In the nominations handed out May 2, Midler was tapped for best leading actress in a musical for her performance in a revival of “Hello, Dolly!” as the widowed matchmaker Dolly Levi — a role made famous in the original 10-time Tony winner by Carol Channing and in the 1969 film by Barbra Streisand. The revival garnered 10 nominations overall, two fewer than “Natasha, Pierre & the Great Comet of 1812,” which is based partially on Tolstoy’s “War and Peace.”
Midler will be competing with Patti Lupone, the non-Jewish Broadway veteran who was nominated for playing Jewish cosmetics maven Helena Rubenstein in “War Paint.” The musical depicts the rivalry between Rubenstein and Elizabeth Arden.
“Dear Evan Hansen,” which was written by Steven Levenson to a score co-written by Benj Pasek, was tapped for best musical, best book of a musical and best score.
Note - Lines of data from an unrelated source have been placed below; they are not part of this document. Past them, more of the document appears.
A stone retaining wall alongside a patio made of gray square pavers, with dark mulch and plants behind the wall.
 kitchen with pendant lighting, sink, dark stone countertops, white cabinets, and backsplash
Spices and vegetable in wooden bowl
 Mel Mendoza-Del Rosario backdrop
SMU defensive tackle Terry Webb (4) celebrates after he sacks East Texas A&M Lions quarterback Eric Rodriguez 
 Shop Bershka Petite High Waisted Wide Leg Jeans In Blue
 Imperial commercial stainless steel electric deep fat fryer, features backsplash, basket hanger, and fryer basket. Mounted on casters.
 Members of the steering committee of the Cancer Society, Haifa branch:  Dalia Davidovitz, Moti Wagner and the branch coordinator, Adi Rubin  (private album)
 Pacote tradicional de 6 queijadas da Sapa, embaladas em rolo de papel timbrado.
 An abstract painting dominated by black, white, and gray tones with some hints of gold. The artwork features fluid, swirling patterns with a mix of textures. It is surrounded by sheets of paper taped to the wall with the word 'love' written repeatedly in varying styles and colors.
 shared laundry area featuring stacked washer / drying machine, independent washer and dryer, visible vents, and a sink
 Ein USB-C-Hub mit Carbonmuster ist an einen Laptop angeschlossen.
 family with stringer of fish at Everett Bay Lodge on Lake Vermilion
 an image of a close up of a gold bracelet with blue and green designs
Pasek won an Academy Award in February with co-writer Justin Paul for the lyrics to the blockbuster film “La La Land.”
Ben Platt, who plays the protagonist in “Dear Evan Hansen,” was nominated for best leading actor in a musical.
Brandon Uranowitz was nominated for best featured actor in a musical for his performance in a revival of “Falsettos.” He was nominated in the same category in 2015 for “An American in Paris.”
The score for “Come From Away,” written by the husband and wife duo David Hein and Irene Sankoff, was nominated for best score. Their last musical project was called “My Mother’s Lesbian Jewish Wiccan Wedding.”
The Tony Awards will be handed out June 11 at Radio City Music Hall.